Gerald Ford dijo una vez que Colin Powell era 'el mejor orador de Estados Unidos', y en estos tensos días ha demostrado poseer unas grandes dotes de comunicador. Su frecuente presencia en las televisiones y radios ha contribuido a dar una impresión de firmeza (él fue el primero en aludir a una 'guerra'), pero también de calma y control y, sobre todo, de saber exactamente de qué estaba hablando. 'Mi madre dice que se siente muy tranquila cuando piensa que Powell está al cargo', bromeó un senador de Nebraska. La misma impresión transmiten, en privado, algunos embajadores occidentales.

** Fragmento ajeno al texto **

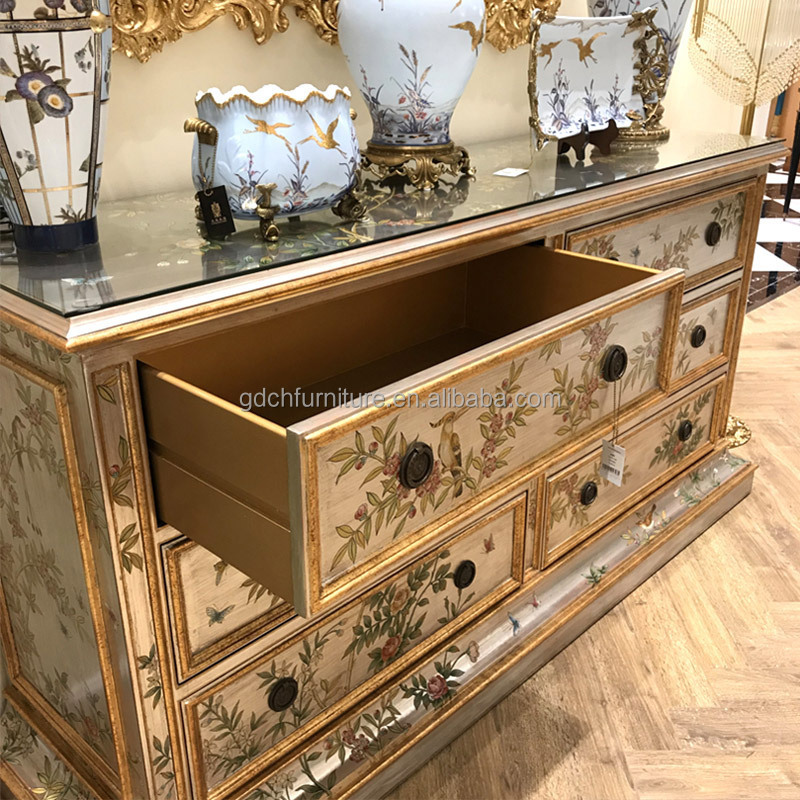 Art deco handcraft design painting console table 6 drawers antique furniture made of solid wood cabinet Chest Lockers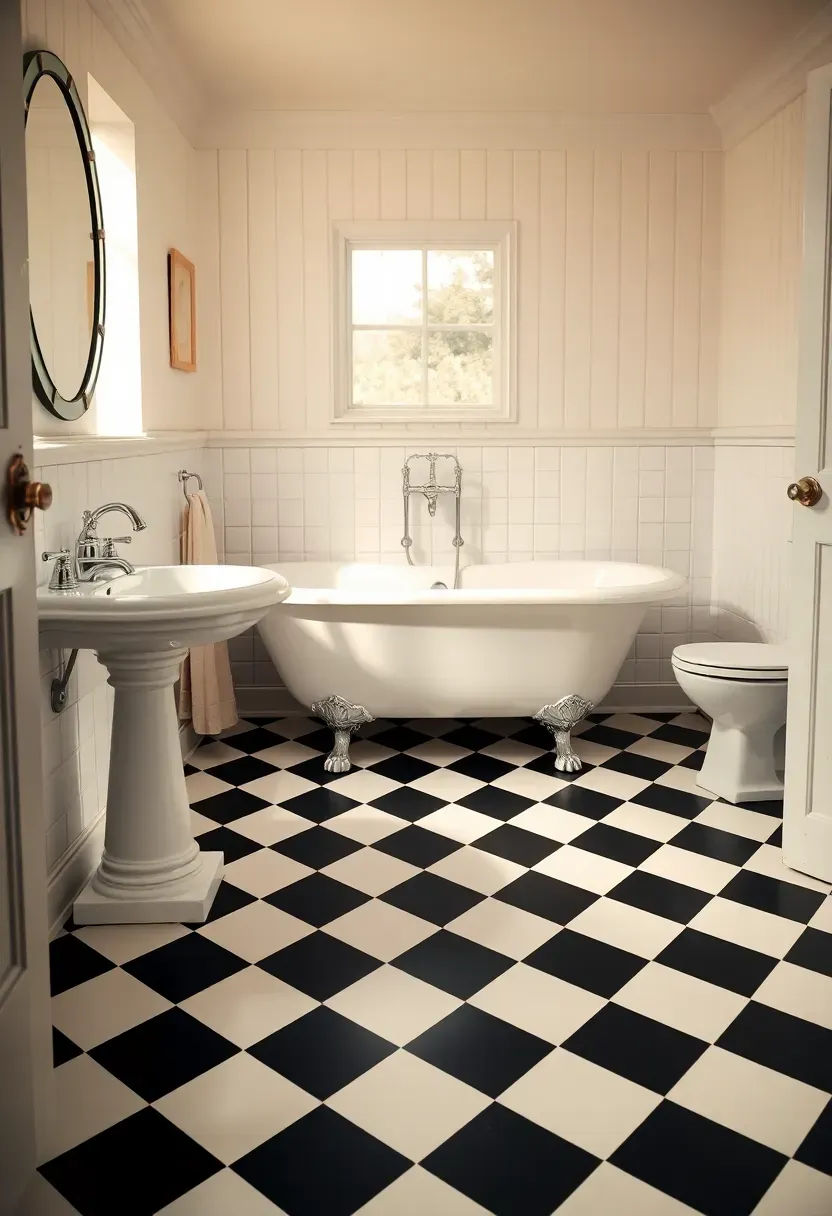 Classic black and white checkerboard tile bathroom floor with pedestal sink and clawfoot tub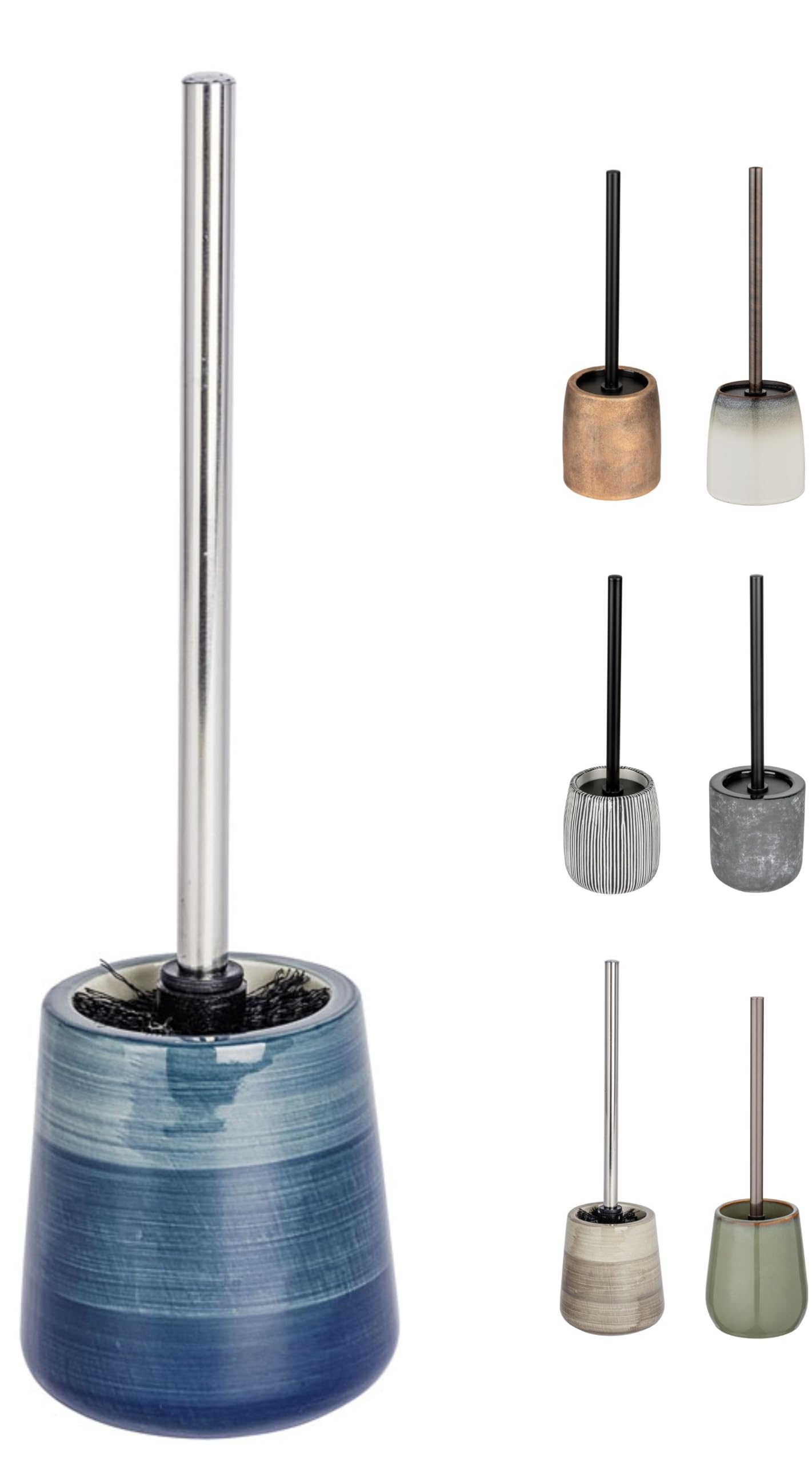 KW Pottery Ceramic Toilet Brush and Holder (Pottery Blue)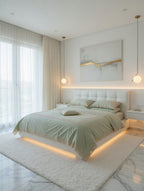 Paris Lace Bedsheet Set Pistachio With Off White Lace
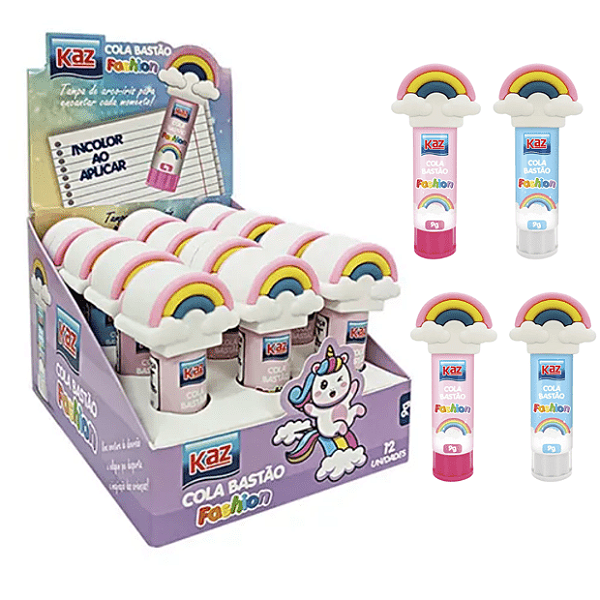 COLA BASTAO 10G ARCO IRIS CX C/12 KAZ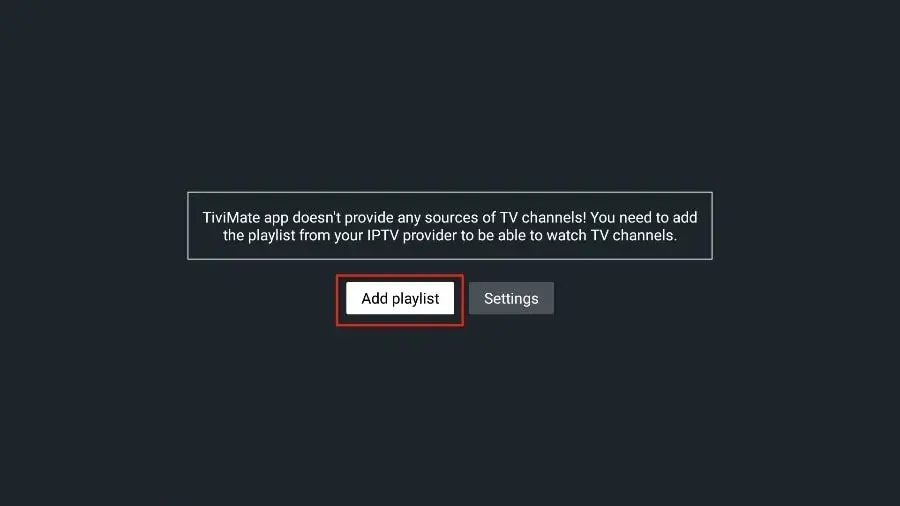 Select Add playlist on TiviMate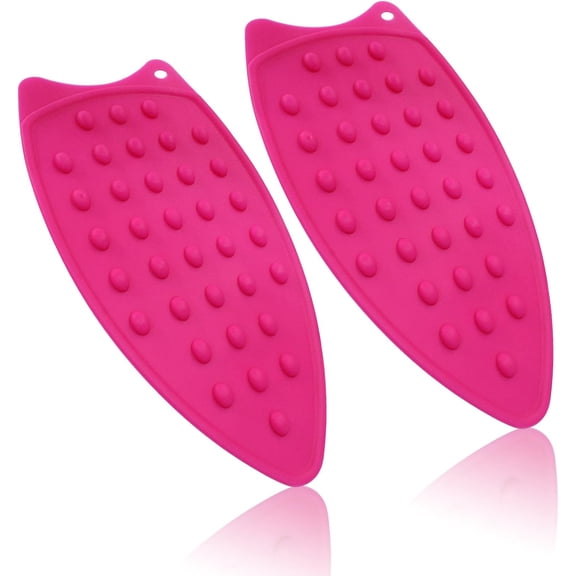2-Pack Silicone Iron Rest Pads, Heat Resistant Protective Mats for Ironing Board (Pink)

Antes de esta crisis parecía que Colin Powell estaba en sus horas más bajas. Era algo extraño, porque el general es un hombre acostumbrado a sobresalir y a marcar su propio camino y porque se suponía que había preferido ser secretario de Estado a competir por la presidencia o ser vicepresidente. Pero en los primeros meses de su mandato pareció sobrepasado por la asesora presidencial para temas de seguridad, Condolezza Rice, una superexperta en Rusia y en el escudo antimisiles. Su fuerza volvió cuando quedó claro que el peor ataque que había sufrido Estados Unidos en su historia procedía de Osama Bin Laden y que Afganistán era el primer objetivo de cualquier represalia. Powell se hizo rápidamente otra vez con los mandos no sólo como secretario de Estado, sino también como gran experto en cuestiones relativas con el Golfo Pérsico y el mundo musulmán y como hombre de gran experiencia al lado de un presidente novato en cuestiones internacionales. Y poco a poco comenzó a marcar las grandes líneas de la reacción norteamericana y de una nueva coalición que ampare las operaciones militares de Estados Unidos.

Durante esos últimos diez días, Powell se ha movido él mismo, y ha movido a sus ayudantes, de una manera frenética para contactar personalmente con la mayoría de sus colegas, en Europa, África y Asia. No ha sido en absoluto contemporizador y se dice que tanto él como su segundo, Richard Armitage, han tenido duras discusiones con algunos de sus interlocutores para hacerles llegar sin ambigüedad el mensaje presidencial: Washington no acepta países neutrales en esta batalla. Pero dentro de esa dureza se ha movido con rapidez para desactivar otros posibles frentes. Ha sido él quien se ha negado a aceptar excusas de Israel para no paralizar las operaciones en los territorios ocupados, algo que, por ejemplo, Wolfowitz, famoso por su apoyo sin matices a Israel, consideraba menos urgente.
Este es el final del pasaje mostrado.